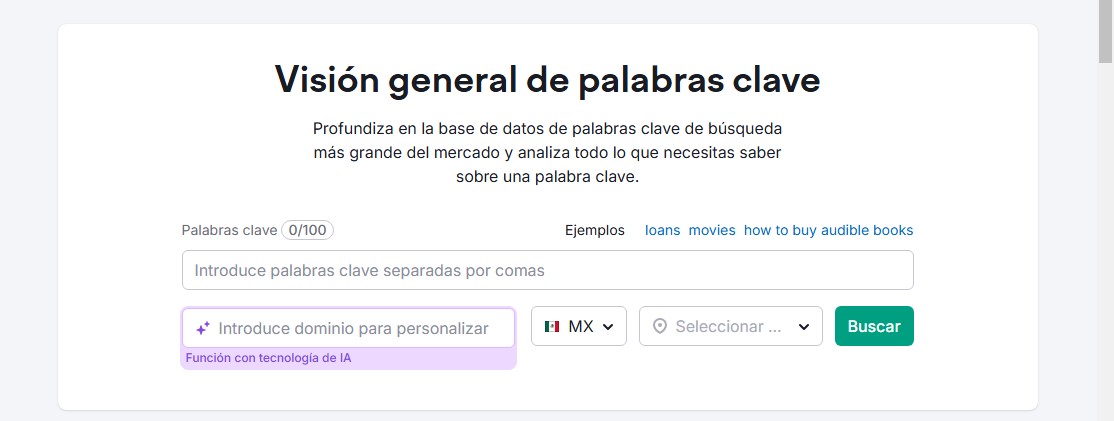 palabras-clave-seoa-bogados imagen que muestra un buscador de palabras clave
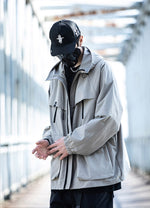 hooded cargo jacket - Vignette | OFF-WRLD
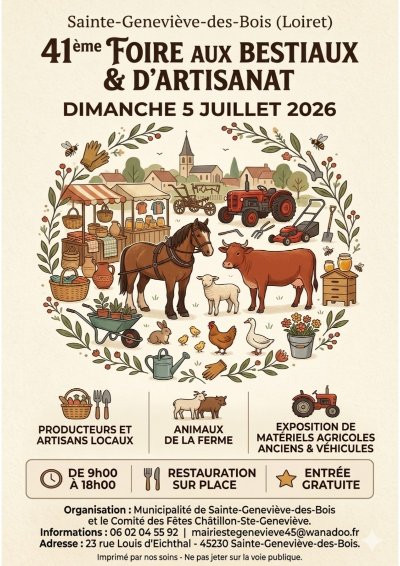 Foire aux bestiaux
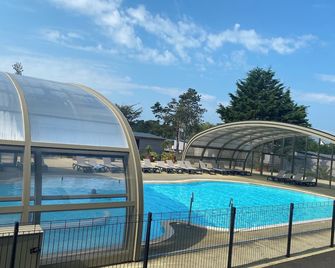 Cottage Chalet Standing Gite L'edune Res - Jullouville - Piscine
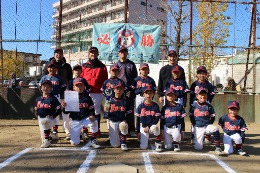 フレッシュリーグリーグ戦優勝！（C組）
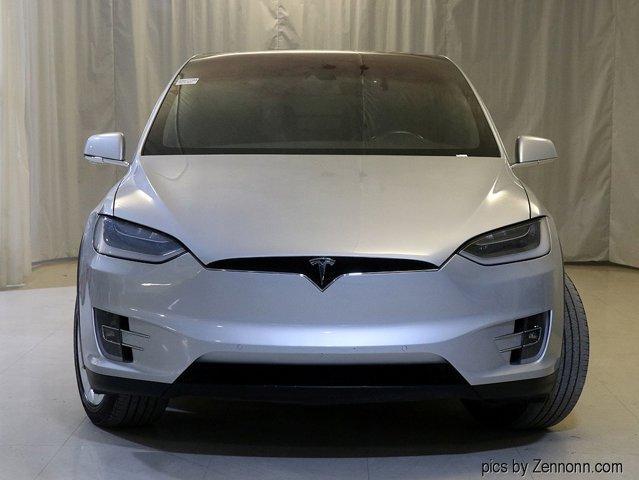 used 2016 Tesla Model X car, priced at $26,999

= WHAT IS BEING ASKED =
Each record must be returned exactly as it stands, and the images omitted.

= ANSWER TO THE PROBLEM =
 palabras-clave-seoa-bogados imagen que muestra un buscador de palabras clave
 hooded cargo jacket - Vignette | OFF-WRLD
 Foire aux bestiaux
 Cottage Chalet Standing Gite L'edune Res - Jullouville - Piscine
 フレッシュリーグリーグ戦優勝！（C組）
 used 2016 Tesla Model X car, priced at $26,999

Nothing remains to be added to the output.